Sur un chemin singulier, Patrick Modiano sème, depuis quatre décennies, romans
ou récits que leur couleur autobiographique rapproche. Il en est pour s'irriter de
cette monodie passéiste. Nous choisissons au contraire de nous intéresser au trajet
obstiné d'une oeuvre qui réaffirme inlassablement l'urgence de dire ce qui fait
trou dans une identité, et la nécessité absolue de transcrire les intermittences de
la mémoire, de leur faire prendre langue. Intermittences de la mémoire individuelle
? Sans doute, mais celles-ci se voient étrangement confondues avec les
intermittences de la mémoire collective sur les pans ombreux de notre Histoire.

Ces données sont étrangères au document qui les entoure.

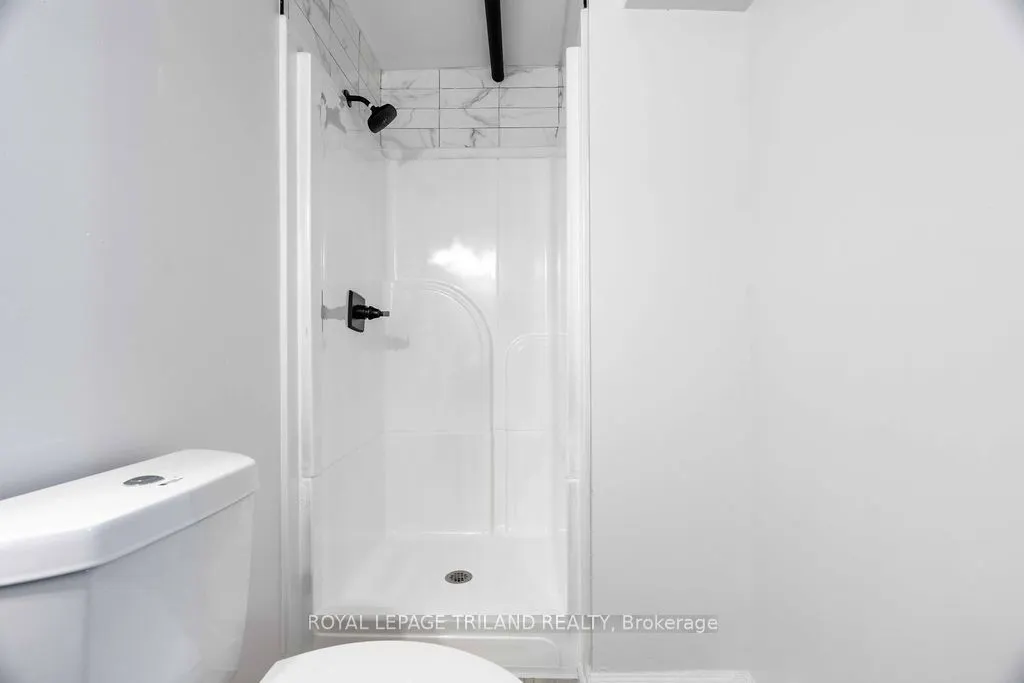 330 Clarence Street, #B1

La force de cette oeuvre contemporaine tissée de mélancolie est peut-être là, dans
cette manière inimitable de repérer des discontinuités existentielles ou de
douloureux suspens de la mémoire et d'y trouver remède par une écriture inventive,
aux parrainages multiples, qui se renouvelle subtilement et se joue des codes
littéraires et des étiquettes génériques trop étroites.
Notre réflexion, que balisent les apports critiques de vingt-quatre chercheurs
d'horizons pluriels, vise à mettre en lumière la haute densité de textes traversés par
l'hypothèse, toujours reformulée chez Modiano, des conjonctions obligées et des
courts-circuits potentiels du passé et du présent.